For small angles, we have the following first order approximations

#sin(Delta x)approxDelta x# and #cos(Delta x)\approx1#

The above approximations are derived from the Taylor series expansions of sine and cosine, Since we are taking the #lim_{\Delta x rarr 0}# these approximations will become exact.

Using these approximations,

#sin(x+Deltax)\approxsin(x)+Delta x cos(x)#

Substitute this into the #f'(x)# expression,

#f'(x)=-2lim_{Deltaxrarr0}{[sin(x)+Deltaxcos(x)]^5-sin^5(x)}/{Delta x}#

Since we are taking #lim_{Delta xrarr0}#

#(Delta x)^2# will be soooooo much smaller than #Delta x# to the point where I can write:

#[sin(x)+Delta x cos(x)]^5=sin^5(x)+5Delta x cos(x)sin^4(x)#

and ignore all the other terms with #Delta x# raised to a higher power.
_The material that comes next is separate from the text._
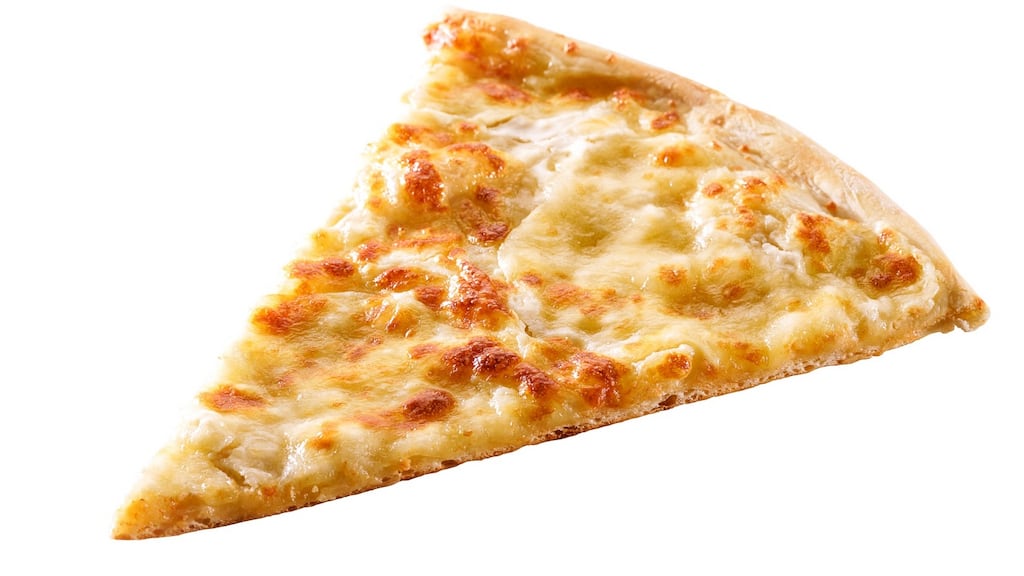 When did pizza become so bad? Photograph: iStock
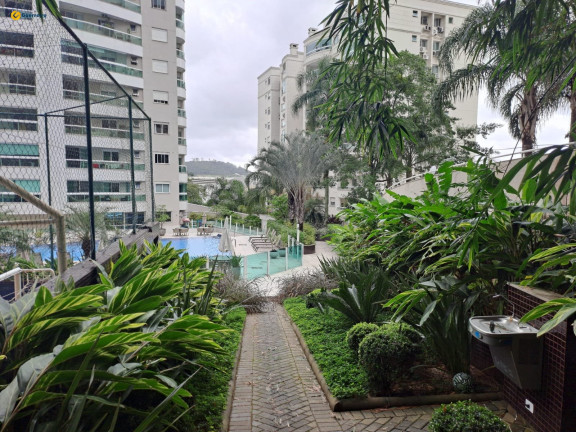 Imagem Apartamento com 4 Quartos à Venda, 217 m² em Itacorubi - Florianópolis Imagem Apartamento com 4 Quartos à Venda, 217 m² em Itacorubi - Florianópolis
If you don't mind all the extra writing, you can write out all of the terms and still get the right answer in the end.

Substitute the above expression into #f'(x)#

#f'(x)=-2\lim_{Deltaxrarr0}{[sin^5(x)+5Delta x cos(x)sin^4(x)]-sin^5(x)}/{Delta x}#

#f'(x)=-2\lim_{Deltaxrarr0}{5Delta x cos(x)sin^4(x)}/{Delta x}#

#f'(x)=-10cos(x)sin^4(x)#

The expected answer.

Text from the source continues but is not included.